I recently wrote about understanding the value of Lifestreaming. In that post I discussed how I’m really looking forward to new apps and services that will provide curated content across the various services that I interact on based on my social graph. Get used to seeing the words “Curate” and “Social Graph” used pretty heavily in the year to come. I’m abusing those words and MG also mentioned them in his post.
Lifestreaming and other technologies have done a fantastic job allowing the masses generate an incredibly large amount of content very quickly. Filtering the noise is a common topic that is discussed as a problem that has resulted from this. The next evolution of Lifestreaming really needs to find ways to tackle this problem.
Which brings me back to Twitter Times. I signed up immediately after MG’s post and was lucky to recently have been provided access to the service. Look at the screenshot below from my latest issue.

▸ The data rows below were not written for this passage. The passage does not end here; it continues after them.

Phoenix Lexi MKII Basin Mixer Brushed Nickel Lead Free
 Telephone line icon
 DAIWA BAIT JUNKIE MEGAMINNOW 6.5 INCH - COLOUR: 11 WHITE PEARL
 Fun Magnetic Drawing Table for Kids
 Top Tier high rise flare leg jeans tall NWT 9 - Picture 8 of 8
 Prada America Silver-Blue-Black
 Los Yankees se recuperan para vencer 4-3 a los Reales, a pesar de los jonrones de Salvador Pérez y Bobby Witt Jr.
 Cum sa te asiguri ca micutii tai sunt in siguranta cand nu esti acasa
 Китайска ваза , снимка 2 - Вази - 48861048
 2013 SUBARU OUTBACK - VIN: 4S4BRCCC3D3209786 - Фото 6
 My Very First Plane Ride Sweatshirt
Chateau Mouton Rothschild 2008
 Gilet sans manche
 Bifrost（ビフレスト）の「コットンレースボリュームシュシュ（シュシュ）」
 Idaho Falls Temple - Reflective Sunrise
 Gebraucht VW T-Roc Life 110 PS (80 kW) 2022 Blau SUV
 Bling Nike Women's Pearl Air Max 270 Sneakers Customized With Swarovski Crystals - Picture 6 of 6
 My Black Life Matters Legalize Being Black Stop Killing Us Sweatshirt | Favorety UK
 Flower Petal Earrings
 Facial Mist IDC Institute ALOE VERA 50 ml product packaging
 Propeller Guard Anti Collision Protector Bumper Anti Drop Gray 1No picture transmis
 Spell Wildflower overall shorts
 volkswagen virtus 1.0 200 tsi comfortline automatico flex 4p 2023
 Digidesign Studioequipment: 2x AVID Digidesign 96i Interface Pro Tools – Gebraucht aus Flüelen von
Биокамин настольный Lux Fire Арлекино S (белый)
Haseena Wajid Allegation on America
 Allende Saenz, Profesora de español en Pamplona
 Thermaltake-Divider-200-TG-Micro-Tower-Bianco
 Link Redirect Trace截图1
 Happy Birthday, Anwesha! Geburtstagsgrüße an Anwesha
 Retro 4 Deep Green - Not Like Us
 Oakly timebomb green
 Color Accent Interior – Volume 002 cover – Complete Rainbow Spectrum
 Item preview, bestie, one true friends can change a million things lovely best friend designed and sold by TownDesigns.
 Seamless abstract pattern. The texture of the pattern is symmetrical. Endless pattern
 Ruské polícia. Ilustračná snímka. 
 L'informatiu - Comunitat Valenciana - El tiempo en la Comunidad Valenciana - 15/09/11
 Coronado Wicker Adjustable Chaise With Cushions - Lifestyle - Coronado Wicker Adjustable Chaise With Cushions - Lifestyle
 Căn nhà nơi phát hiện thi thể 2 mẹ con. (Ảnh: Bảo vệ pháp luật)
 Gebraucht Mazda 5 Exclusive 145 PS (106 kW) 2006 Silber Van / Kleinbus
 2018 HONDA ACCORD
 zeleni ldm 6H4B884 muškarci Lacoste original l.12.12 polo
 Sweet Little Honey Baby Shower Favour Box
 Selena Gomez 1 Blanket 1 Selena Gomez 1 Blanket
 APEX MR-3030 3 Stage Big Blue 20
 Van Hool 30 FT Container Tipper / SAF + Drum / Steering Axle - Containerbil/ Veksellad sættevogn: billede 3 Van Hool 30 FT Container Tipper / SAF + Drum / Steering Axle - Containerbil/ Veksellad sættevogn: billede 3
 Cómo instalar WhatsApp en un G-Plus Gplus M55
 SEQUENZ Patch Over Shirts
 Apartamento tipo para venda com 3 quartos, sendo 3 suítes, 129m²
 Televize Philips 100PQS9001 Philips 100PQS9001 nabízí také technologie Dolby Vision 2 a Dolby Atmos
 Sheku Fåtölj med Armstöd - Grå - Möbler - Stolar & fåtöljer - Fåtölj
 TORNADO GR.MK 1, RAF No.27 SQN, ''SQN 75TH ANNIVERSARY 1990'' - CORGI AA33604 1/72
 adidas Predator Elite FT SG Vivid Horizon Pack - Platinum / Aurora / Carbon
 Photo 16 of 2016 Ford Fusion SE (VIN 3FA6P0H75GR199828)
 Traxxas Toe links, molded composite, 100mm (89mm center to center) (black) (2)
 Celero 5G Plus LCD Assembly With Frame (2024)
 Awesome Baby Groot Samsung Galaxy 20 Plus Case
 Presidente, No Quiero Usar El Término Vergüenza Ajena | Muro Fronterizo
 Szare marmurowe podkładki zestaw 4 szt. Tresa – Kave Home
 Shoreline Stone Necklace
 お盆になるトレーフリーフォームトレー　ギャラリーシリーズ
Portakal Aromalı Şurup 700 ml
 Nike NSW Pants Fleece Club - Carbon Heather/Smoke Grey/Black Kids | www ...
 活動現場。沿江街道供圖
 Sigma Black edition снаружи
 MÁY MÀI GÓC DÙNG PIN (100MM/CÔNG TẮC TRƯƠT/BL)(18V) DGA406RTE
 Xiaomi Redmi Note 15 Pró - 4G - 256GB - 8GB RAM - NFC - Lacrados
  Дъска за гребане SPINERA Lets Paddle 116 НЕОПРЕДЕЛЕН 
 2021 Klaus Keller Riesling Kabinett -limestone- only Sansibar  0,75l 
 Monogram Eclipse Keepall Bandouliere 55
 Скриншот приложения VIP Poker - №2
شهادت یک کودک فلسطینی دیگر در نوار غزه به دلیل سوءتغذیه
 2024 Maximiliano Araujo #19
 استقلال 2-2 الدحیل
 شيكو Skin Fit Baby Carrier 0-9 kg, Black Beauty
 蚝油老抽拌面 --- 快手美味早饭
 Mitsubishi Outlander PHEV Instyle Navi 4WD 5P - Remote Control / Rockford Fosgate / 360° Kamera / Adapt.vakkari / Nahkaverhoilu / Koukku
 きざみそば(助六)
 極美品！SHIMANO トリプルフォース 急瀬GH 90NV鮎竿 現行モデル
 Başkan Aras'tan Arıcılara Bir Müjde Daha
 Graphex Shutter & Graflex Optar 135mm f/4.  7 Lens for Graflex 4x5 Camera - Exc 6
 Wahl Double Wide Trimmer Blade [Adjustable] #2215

Click image to view my current page
You can see that it provides a newspaper / magazine layout that lists all of the items. The items are prioritized based on the number of your followers that tweeted links to the item. The first column provides the “hot” items which appear to be more recent links with an image if available. The right column shows the top stories for a larger range of time. Overall I think this is a great service. It allows me to not worry so much about monitoring my Twitter stream for fear I might miss something. I can just leisurely pull up this page at my convenience and see what the people I follow have found interesting.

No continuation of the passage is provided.